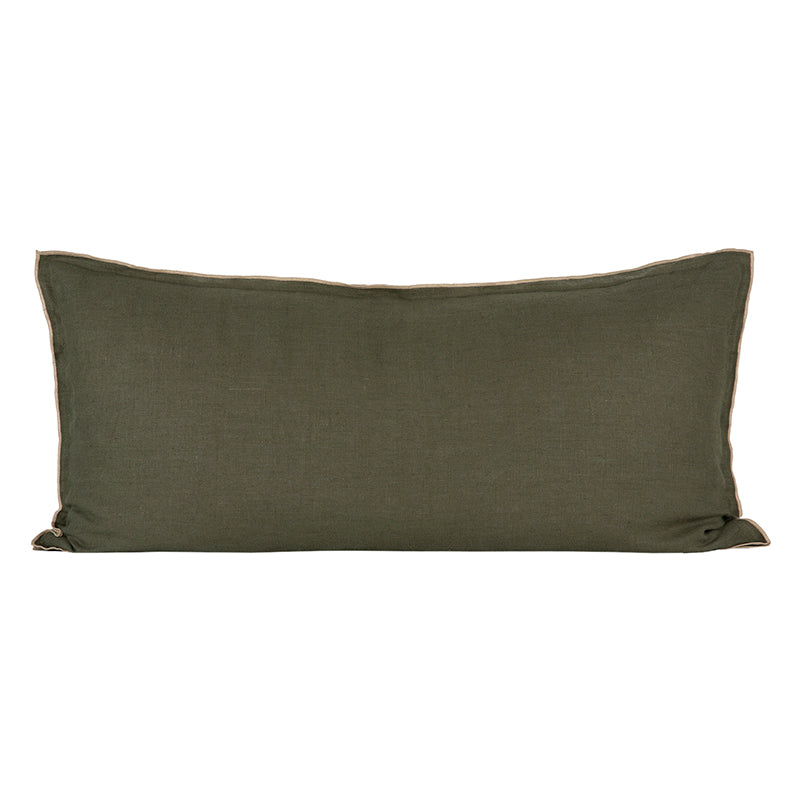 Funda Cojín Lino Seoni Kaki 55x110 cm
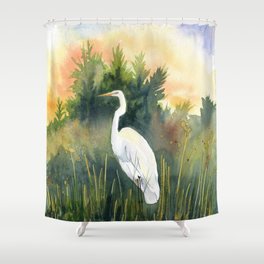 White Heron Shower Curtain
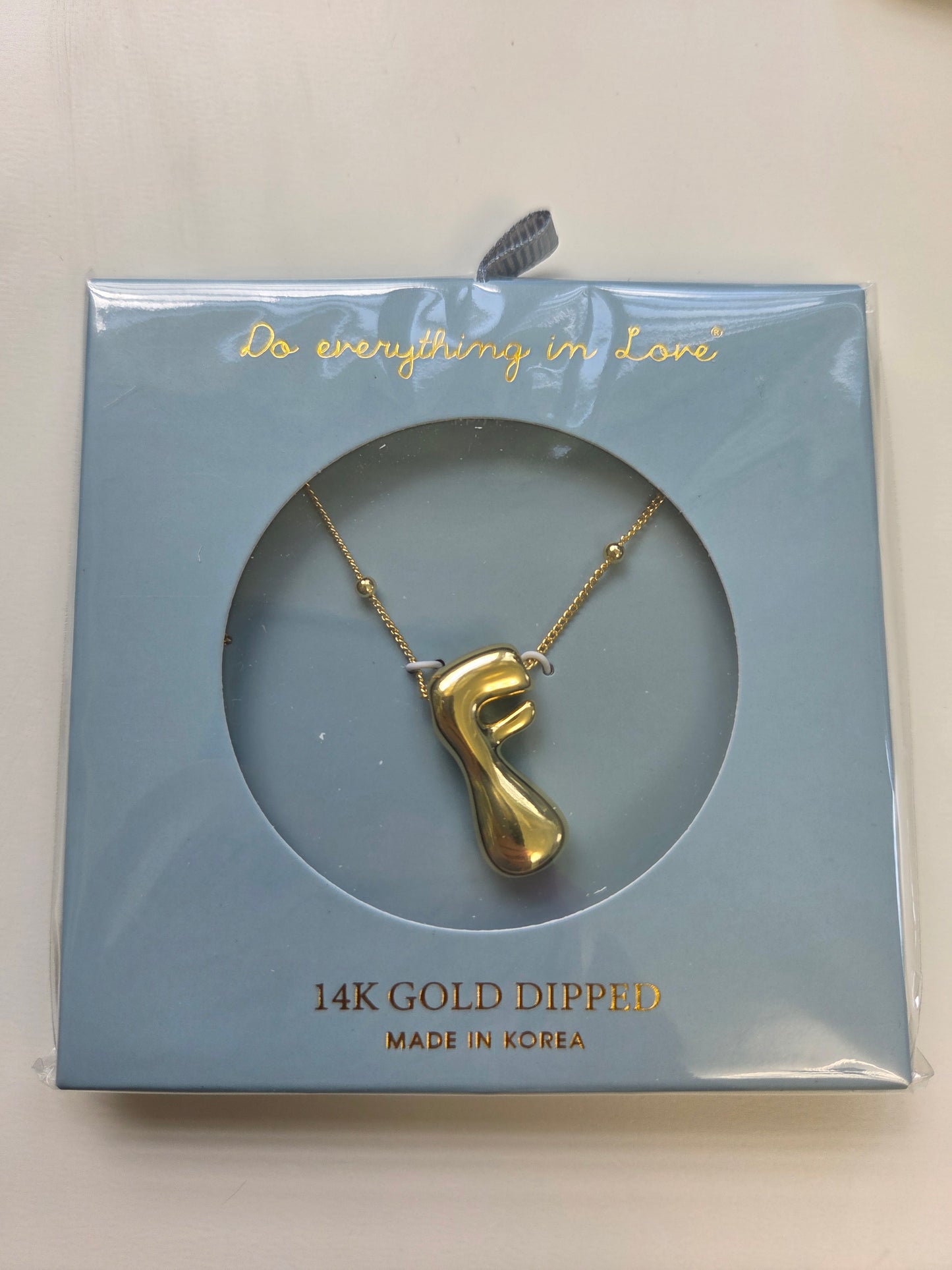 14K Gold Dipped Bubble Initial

────

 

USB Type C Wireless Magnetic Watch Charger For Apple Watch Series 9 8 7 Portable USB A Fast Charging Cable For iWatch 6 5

────

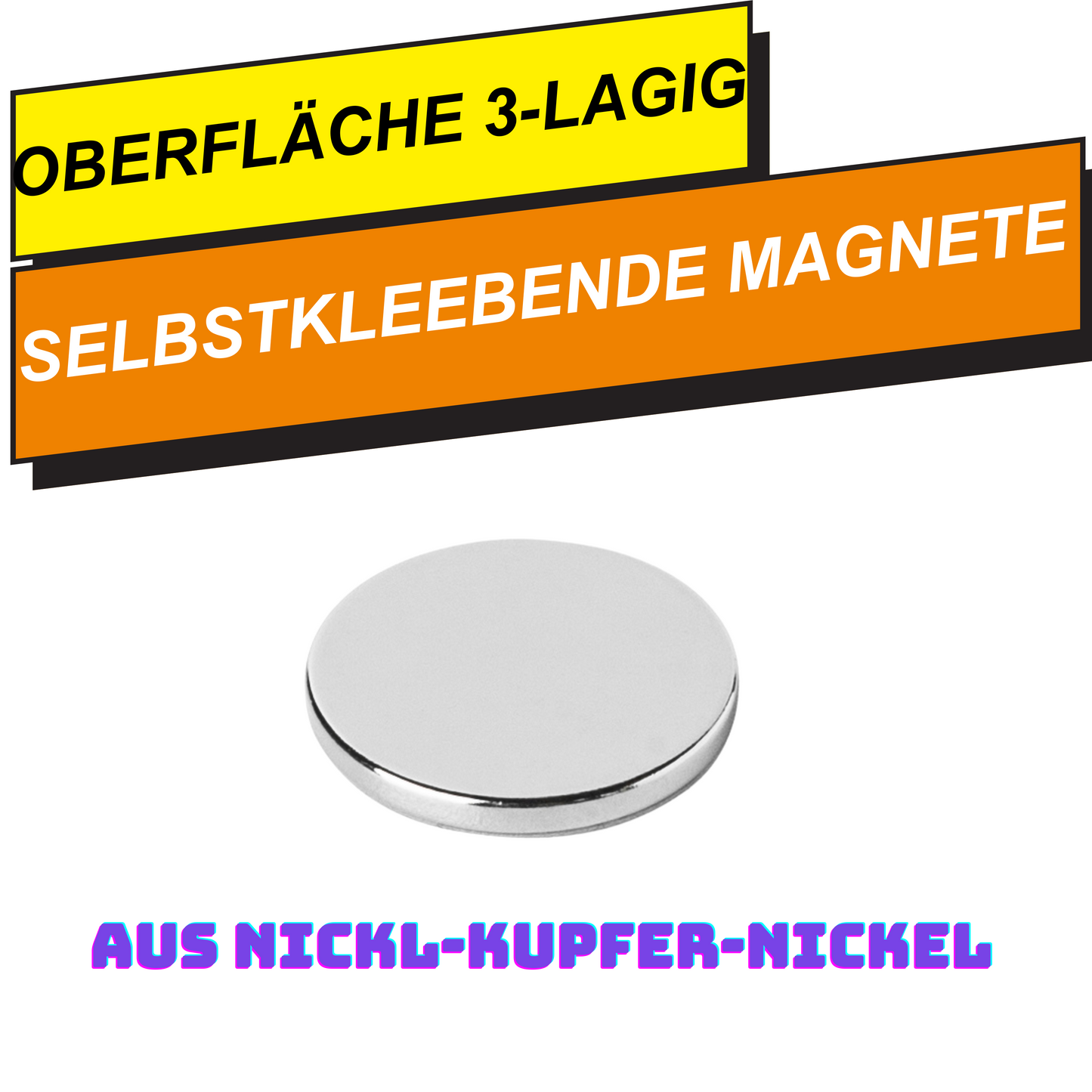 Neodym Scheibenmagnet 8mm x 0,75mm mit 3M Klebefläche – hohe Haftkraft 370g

────

* **Exercise**:
Using the data above, print only the lines starting at the one with "Funda Cojín Lino Seoni Kaki 55x110 cm" and ending at the one with "14K Gold Dipped Bubble Initial", exactly as they stand, minus the pictures.

* **Solution for this task**:
 Funda Cojín Lino Seoni Kaki 55x110 cm
 White Heron Shower Curtain
 14K Gold Dipped Bubble Initial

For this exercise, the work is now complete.